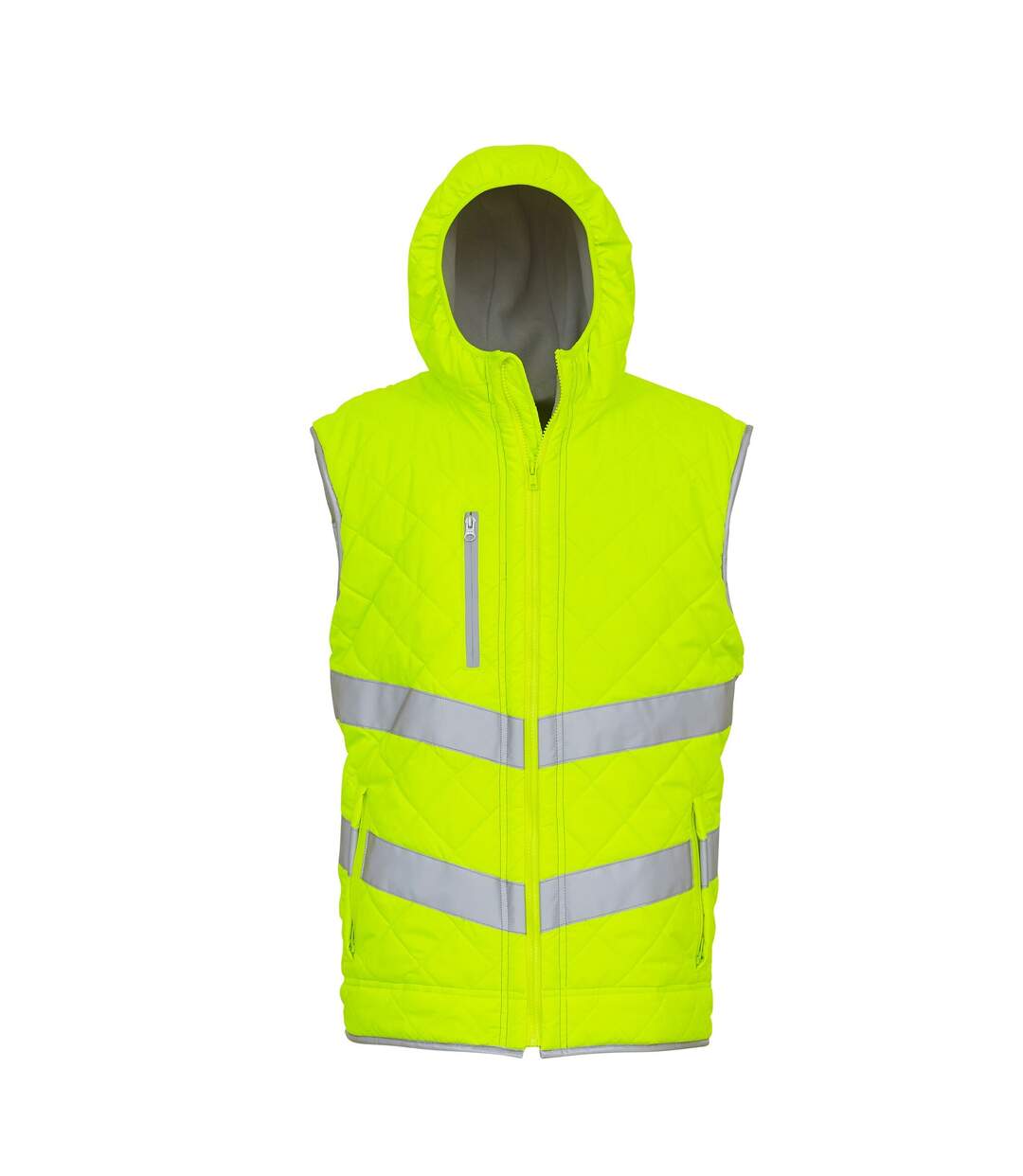 Yoko Gilet à capuche unisexe Hi Vis Kensington pour adultes (Jaune) - UTRW6286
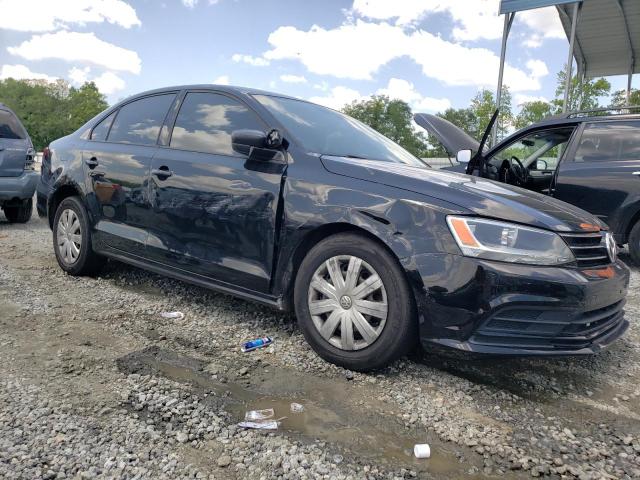 3VW2K7AJ3FM424309 - 2015 VOLKSWAGEN JETTA BASE 黑色 照片 4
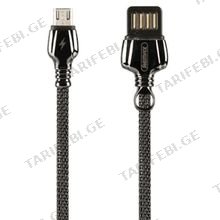 REMAX King Data Cable For Micro RC-063m tarnish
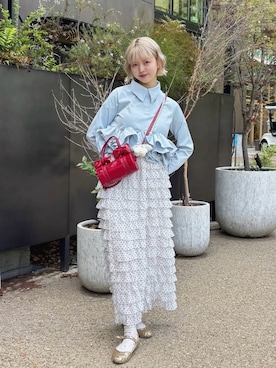 ナツキさん(レディース・166cm)の秋コーディネート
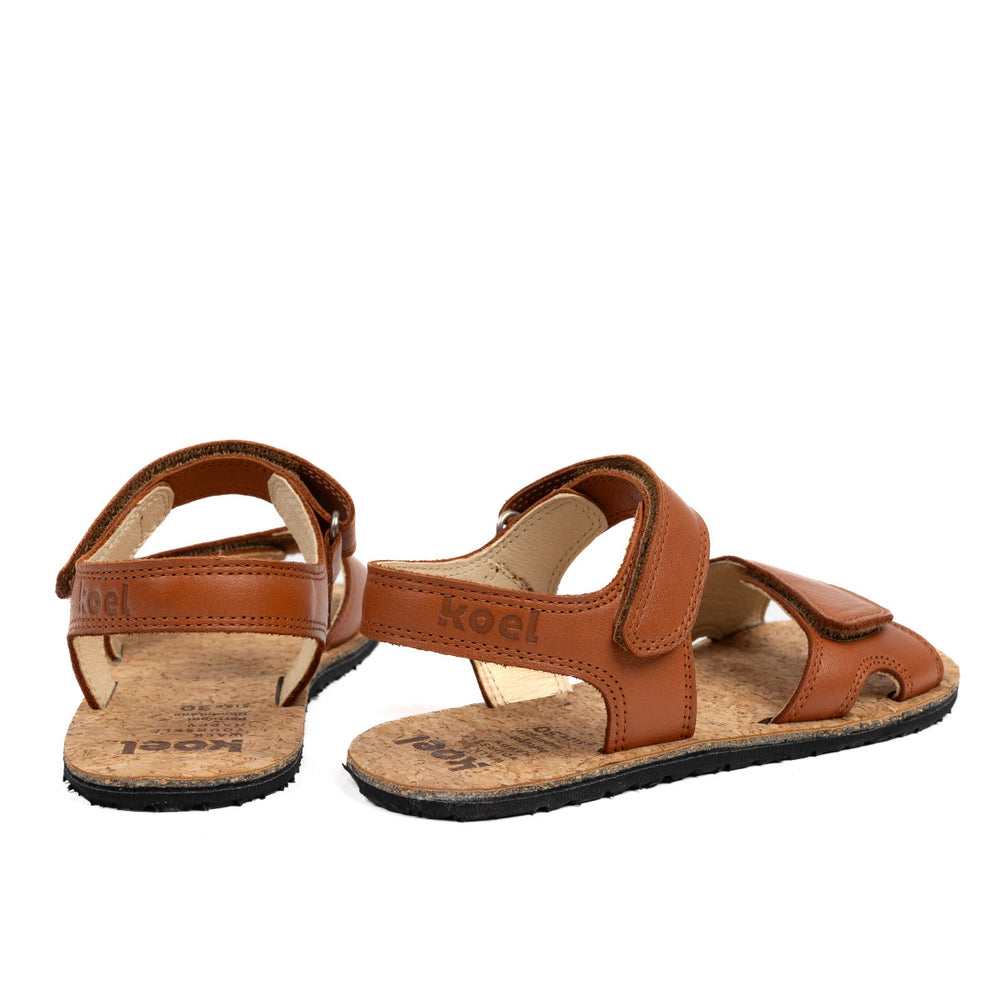 Koel Barefoot Sandales Ashley Cognac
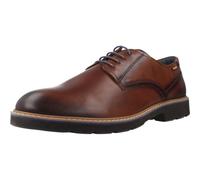 Pikolinos Zapatos Alarcon cordones en cuero para caballero color cuero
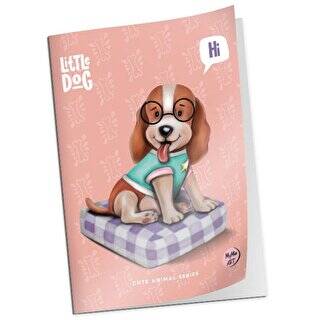 My Mia Art Köpek Mini Defter - 1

──────

* [WHAT YOU SHOULD DO]
This exercise calls for the complete listing, returned exactly and without images.

* [COMPLETED TASK]
 Yoko Gilet à capuche unisexe Hi Vis Kensington pour adultes (Jaune) - UTRW6286
 3VW2K7AJ3FM424309 - 2015 VOLKSWAGEN JETTA BASE 黑色 照片 4
 REMAX King Data Cable For Micro RC-063m tarnish
 ナツキさん(レディース・166cm)の秋コーディネート
 Koel Barefoot Sandales Ashley Cognac
 Pikolinos Zapatos Alarcon cordones en cuero para caballero color cuero
 My Mia Art Köpek Mini Defter - 1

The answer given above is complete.